Thursday, December 22, 2022

Naomi Ackie dazzles as Whitney Houston


 As a biopic, director Kasi Lemmons’ Whitney Houston: I Wanna Dance With Somebody breaks little new ground. If you're familiar with Houston's story, you may not find many surprises. 
 Moreover, two  documentaries -- Nick Broomfield's Whitney: Can I Be Me and Kevin Macdonald's Whitney -- already have covered some of the same ground. 
  Happily, though, that's not the whole story. 
  Lemmons approaches the movie with an obvious love for Houston's work -- and a willingness to put plenty of it on display.

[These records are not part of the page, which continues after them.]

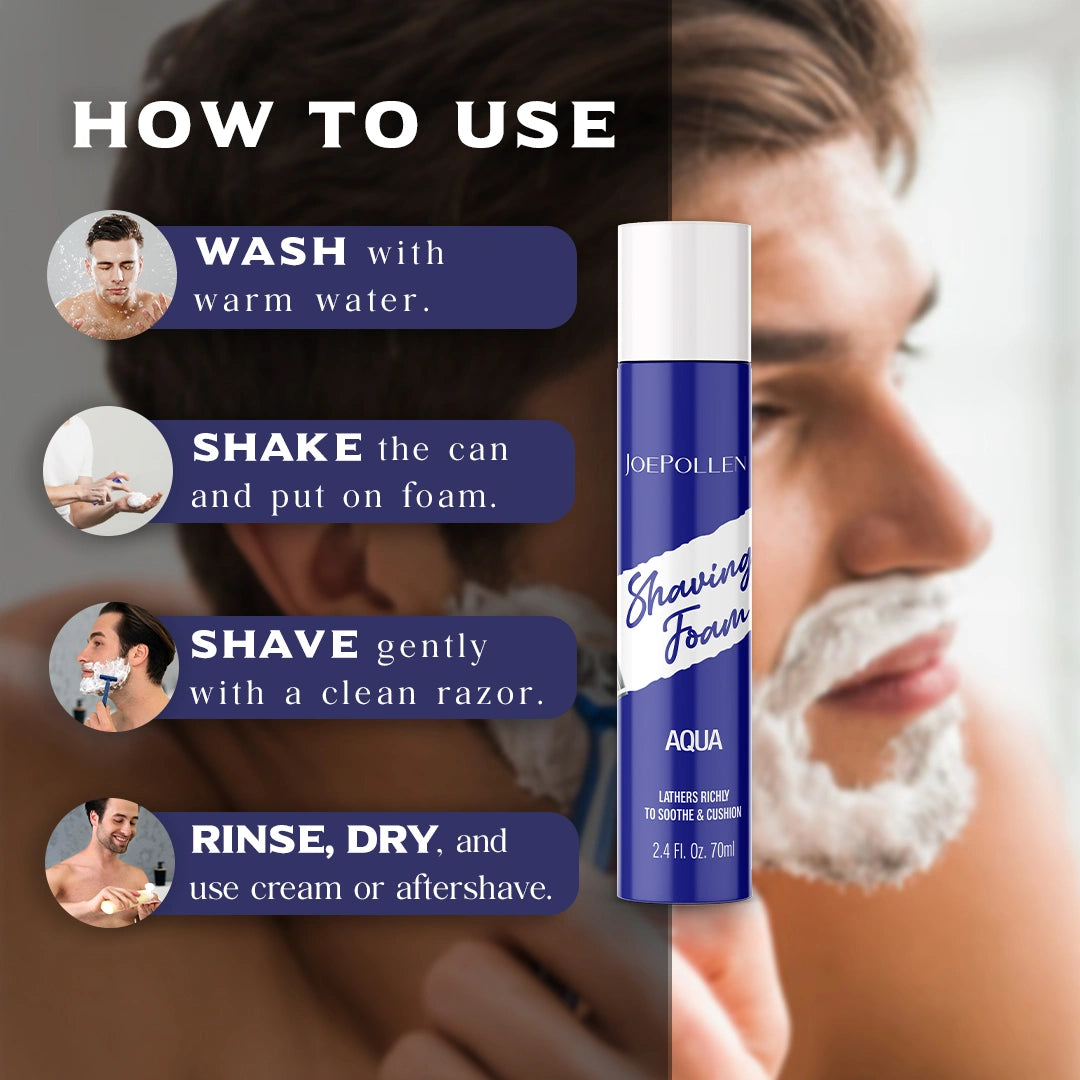 JOE POLLEN SHAVING FOAM FOR MEN - AQUA (70ML)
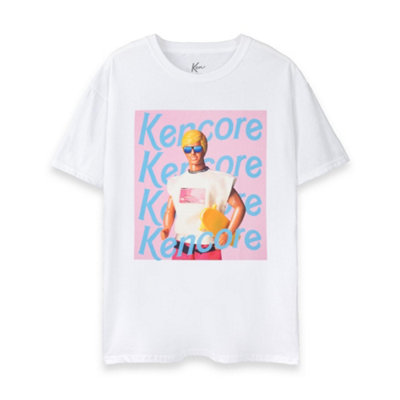 Vanilla Underground Barbie Mens White Kencore Short Sleeved T-Shirt (Xx-Large) from B&Q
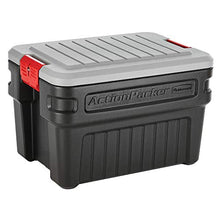 Load image into Gallery viewer, Rubbermaid ActionPacker️ 24 Gal Lockable Storage Bins Pack of 2, Industrial, Rugged Storage Containers with Lids
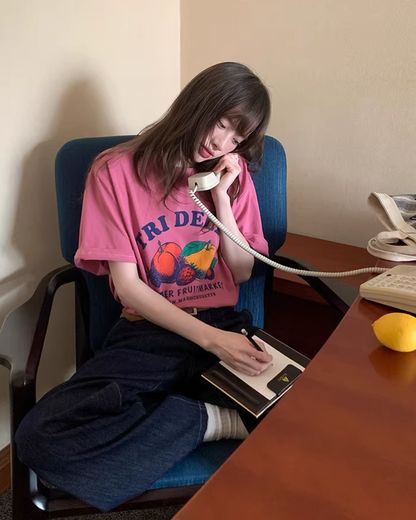 Fruits Printed T-Shirt BU0181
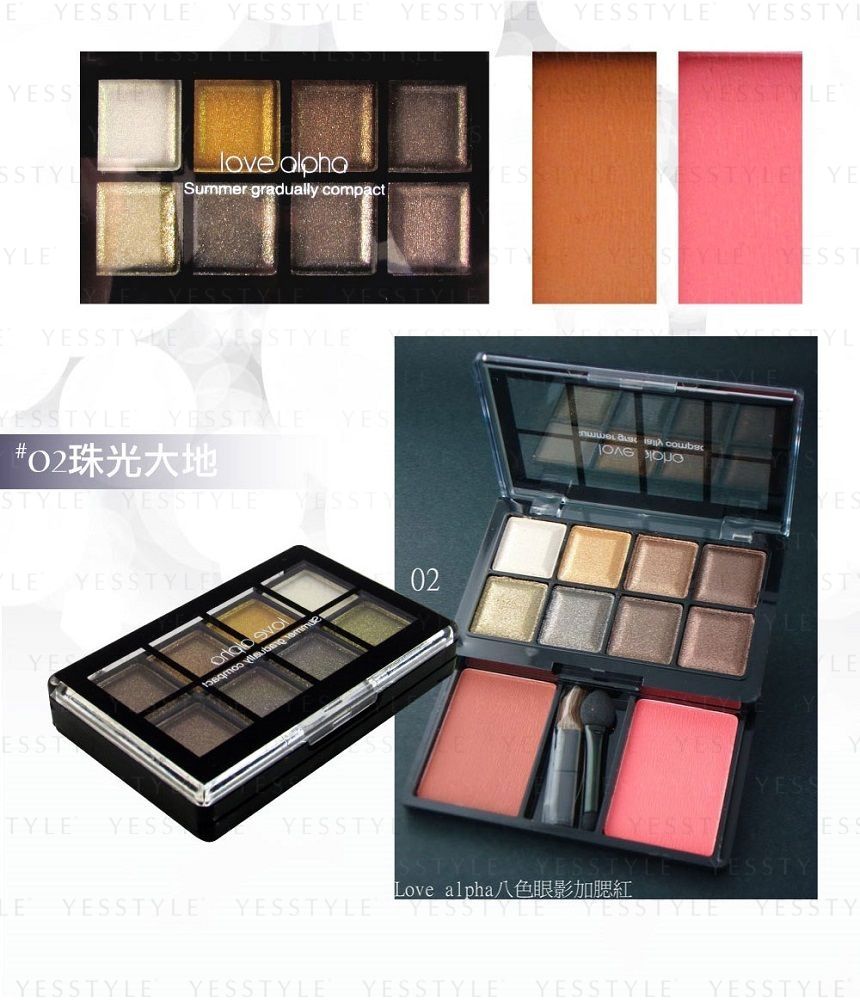 ELG - Love Alpha Oogschaduw Blush Make-up Palette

   I Wanna Dance With Somebody may not be a great movie but it boasts a terrific, star-making performance from British actress Naomi Ackie. 
   Ackie doesn't look like Houston but she projects the singer's undeniable power -- as an up-and-coming New Jersey kid, as an established star, and as a drug-addicted woman caught in a destructive celebrity spiral.
 Houston's voice was dubbed into the movie. Ackie may not be singing but she nails the songs as bravura performances. By the end of the movie, Ackie has so fully absorbed Houston's style that her work ranks as a memorable achievement.
   Of the supporting cast, Tamara Tunie has an impressive turn was Whitney's stage-mom mother; a stern Clarke Peters plays her controlling dad, and Stanley Tucci turns down the volume to portray Clive Davis, the record mogul who discovered Houston. 
   Written by Anthony McCarten, who also wrote Bohemian Rhapsody, which told the story of Freddie Mercury, the film samples Houston's off-camera life, including the developing conflict between Houston's husband Bobby Brown (Ashton Sanders) and her best friend and one-time lover Robyn Crawford (Nafessa Wiliams).
   Thankfully, Lemmons spares us the sight of an overdosed Houston who was found dead in a bathtub at a Beverly Hills hotel in 2012.  
   Lemmons sets us up for that scene near the movie's end but only implies it. Instead, she flashes back to a recreation of Houston's performance at the 1994 American Music Wards. Houston sings sang three challenging tunes: I Loves You Porgy, And I Am Telling You I'm Not Going, and I Have Nothing.
    The scene becomes a statement about all that was lost with Houston's death. Lemmons allows Houston to write her own musical epitaph, and I Wanna Dance With Somebody brings Ackie to the spellbinding moment she's earned.